◆ **Exercise**: Quote, word for word, the line containing "СС | THE SIMS 4" and all lines that follow it to the end of the records, with no pictures.

◆ **Record excerpts**:
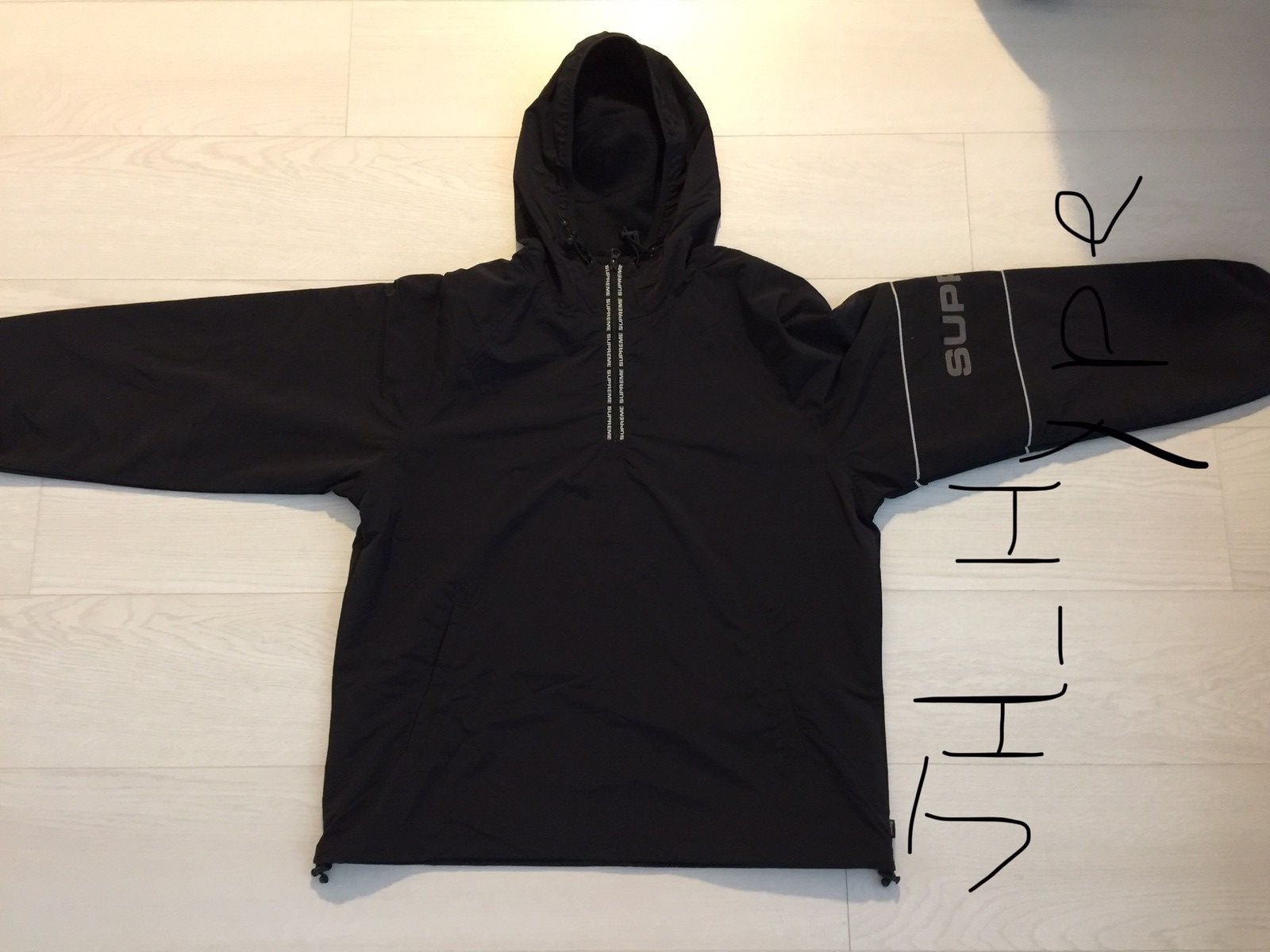 Supreme Nylon Hooded Pullover | Grailed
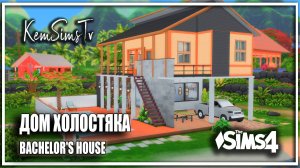 🕴Sims 4 Строительство ДОМ ХОЛОСТЯКА BACHELOR'S HOUSE  Без СС | THE SIMS 4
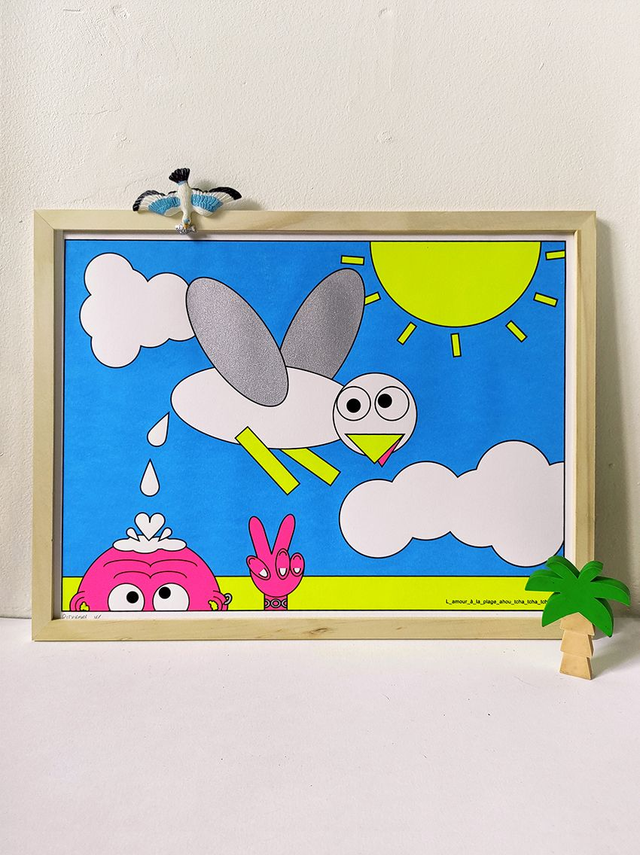 L_amour_à_la_plage_ahou_tcha_tcha_tcha_2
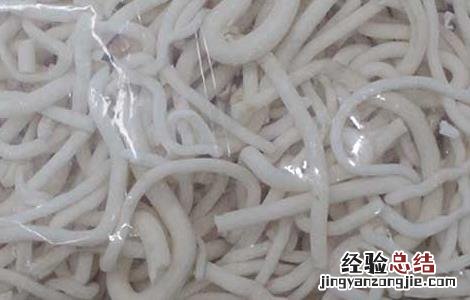 孕妇吃了通草有没有副作用 孕妇可以吃通草吗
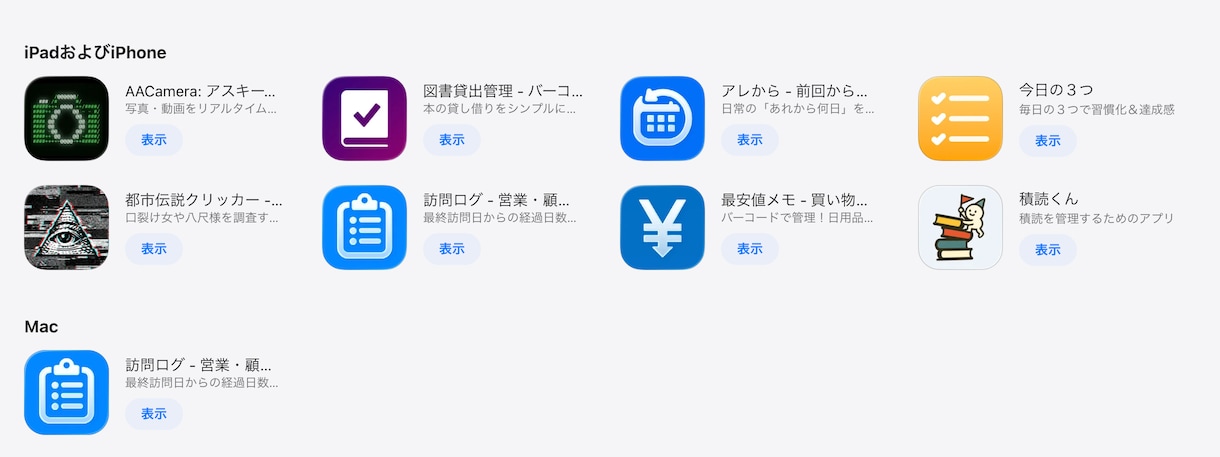 実績多数！業務や日常の便利なiOSツール作ります 15本超の公開実績。完成したアプリをあなたのiPhoneへ イメージ1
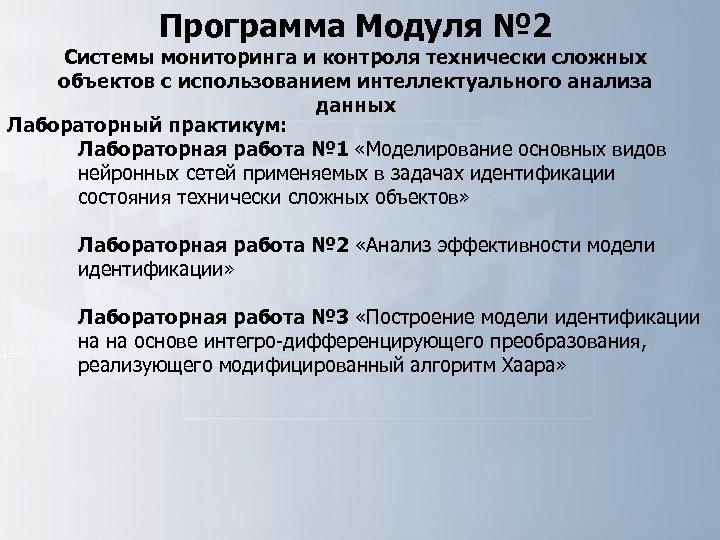 Программа Модуля № 2 Системы мониторинга и контроля технически сложных объектов с использованием интеллектуального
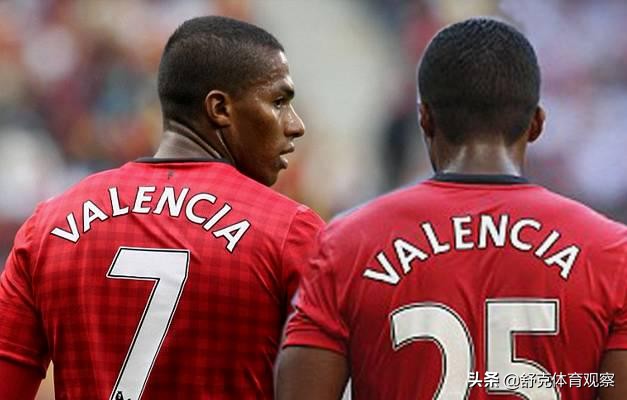 十大奇葩球衣号码,球衣奇葩号码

◆ **Exercise solution**:
 🕴Sims 4 Строительство ДОМ ХОЛОСТЯКА BACHELOR'S HOUSE  Без СС | THE SIMS 4
 L_amour_à_la_plage_ahou_tcha_tcha_tcha_2
 孕妇吃了通草有没有副作用 孕妇可以吃通草吗
 実績多数！業務や日常の便利なiOSツール作ります 15本超の公開実績。完成したアプリをあなたのiPhoneへ イメージ1
 Программа Модуля № 2 Системы мониторинга и контроля технически сложных объектов с использованием интеллектуального
 十大奇葩球衣号码,球衣奇葩号码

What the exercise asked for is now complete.